→ **What is needed**: In the copy you make of the entries, no picture should appear, and every word must match.
(Beginning of Extracted entries)
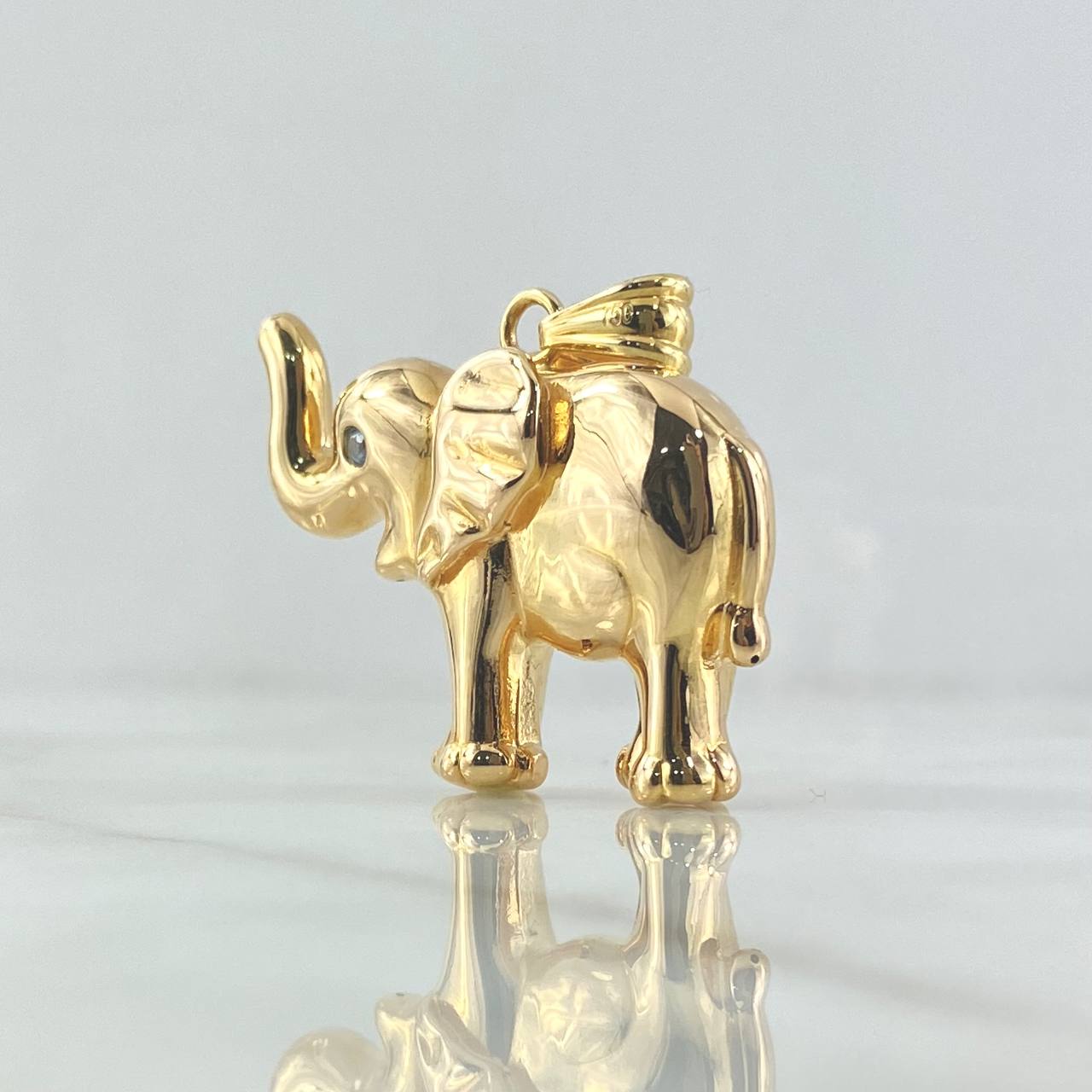 Dije Elefante 4.85gr / 4cm Circones Azules Oro Amarillo Italy +4 (Oferta)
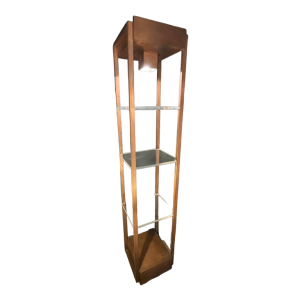 Etage`re colonne e´claire´e vintage, acier cuivré, Design industriel, ca 1970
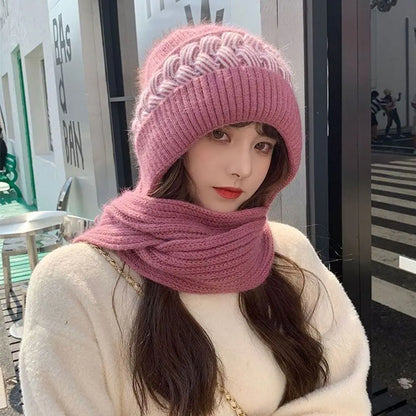 Integrated Ear Protection Windproof Cap Scarf Knitting Thickening Hat Winter Beanie Hat Scarf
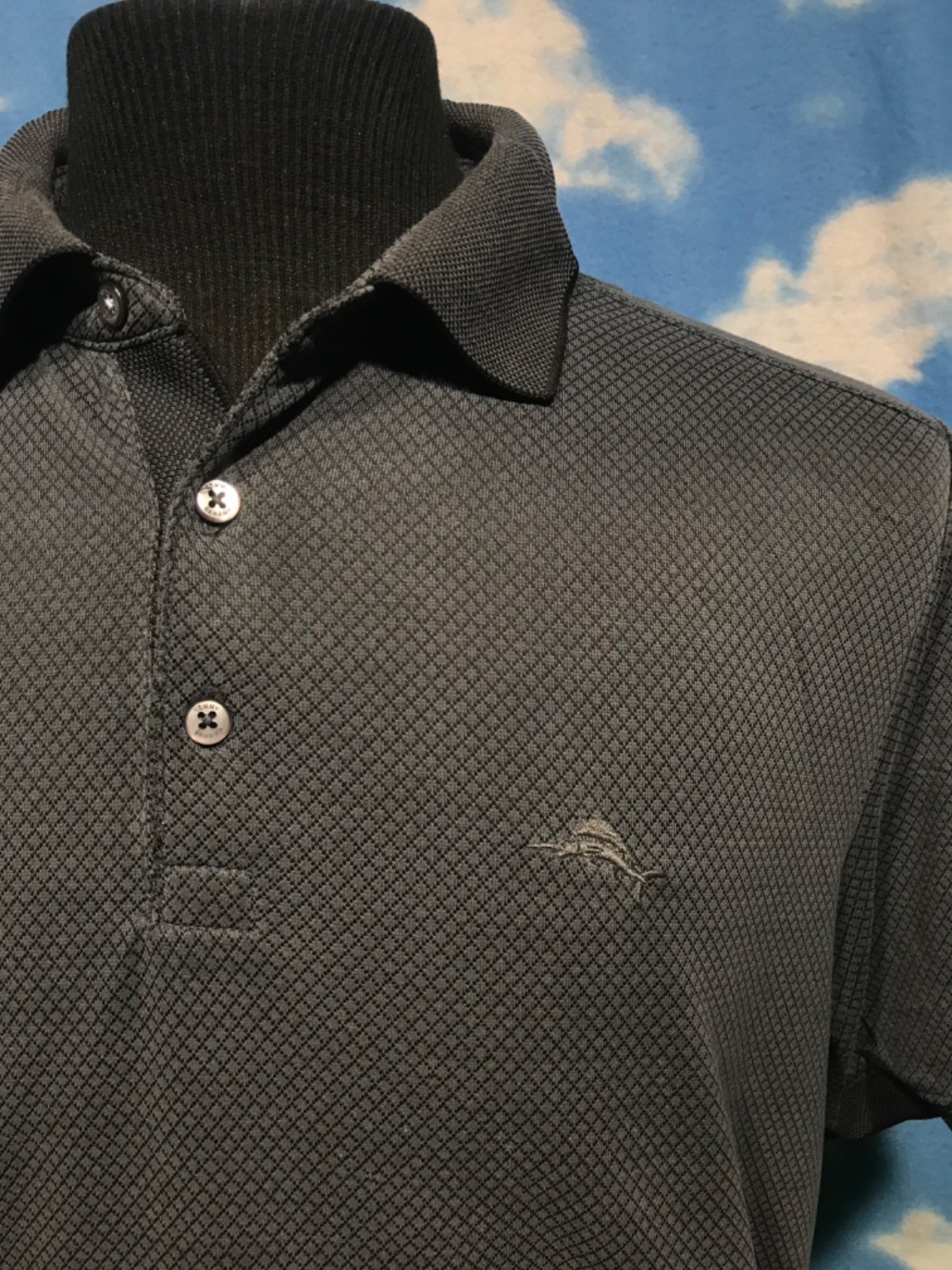 Tommy Bahama Polo shirt Island zone Medium M Gray C21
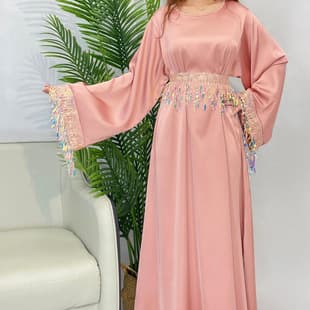European and American Loose Long Women's Dress Pink Sequins Fringes Elegant Casual Dress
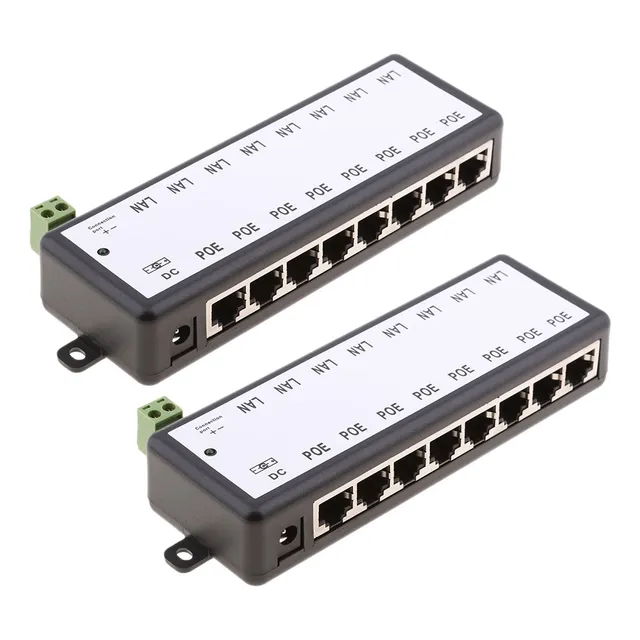 2x Interruptor De Inyector 8 Puertos Poe 12-48v Módulo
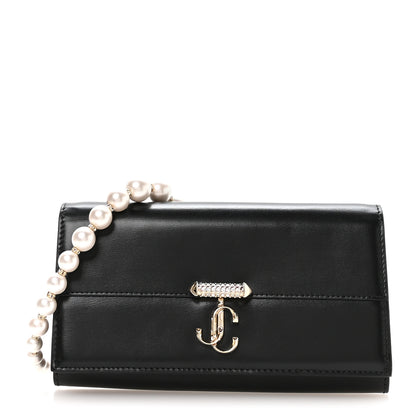 Jimmy Choo Box Calfskin Varenne Pearl Avenue Chain Clutch Black 1 of 9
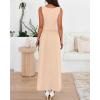 imageBTFBM Summer Maxi Dresses for Women 2026 Spring Sleeveless Casual Ruched High Waisted Long Sundress Flowy Beach DressBeige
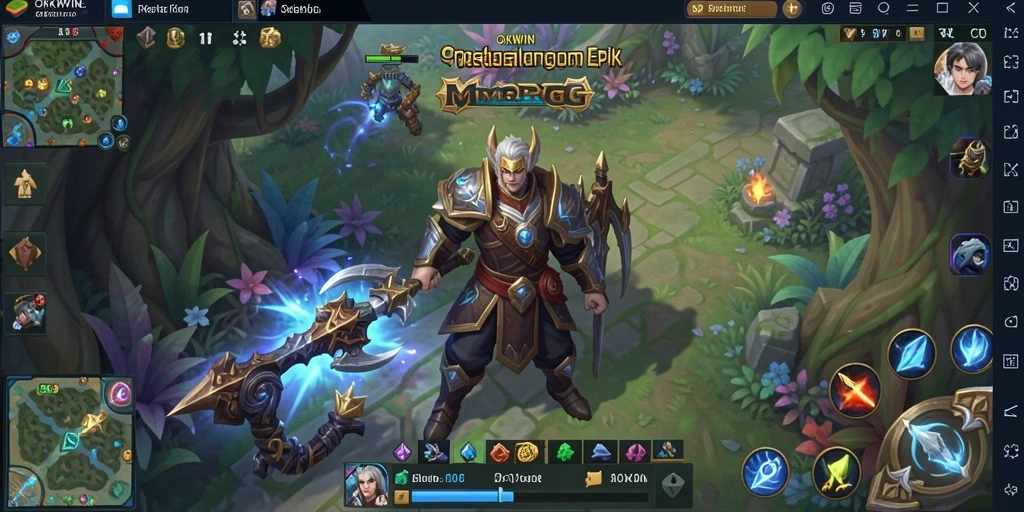 Tangkapan layar gameplay OKWIN menunjukkan aksi seru dalam dunia MMORPG.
(End of Extracted entries)
→ **Final answer**:
 Dije Elefante 4.85gr / 4cm Circones Azules Oro Amarillo Italy +4 (Oferta)
 Etage`re colonne e´claire´e vintage, acier cuivré, Design industriel, ca 1970
 Integrated Ear Protection Windproof Cap Scarf Knitting Thickening Hat Winter Beanie Hat Scarf
 Tommy Bahama Polo shirt Island zone Medium M Gray C21
European and American Loose Long Women's Dress Pink Sequins Fringes Elegant Casual Dress
 2x Interruptor De Inyector 8 Puertos Poe 12-48v Módulo
 Jimmy Choo Box Calfskin Varenne Pearl Avenue Chain Clutch Black 1 of 9
 imageBTFBM Summer Maxi Dresses for Women 2026 Spring Sleeveless Casual Ruched High Waisted Long Sundress Flowy Beach DressBeige
 Tangkapan layar gameplay OKWIN menunjukkan aksi seru dalam dunia MMORPG.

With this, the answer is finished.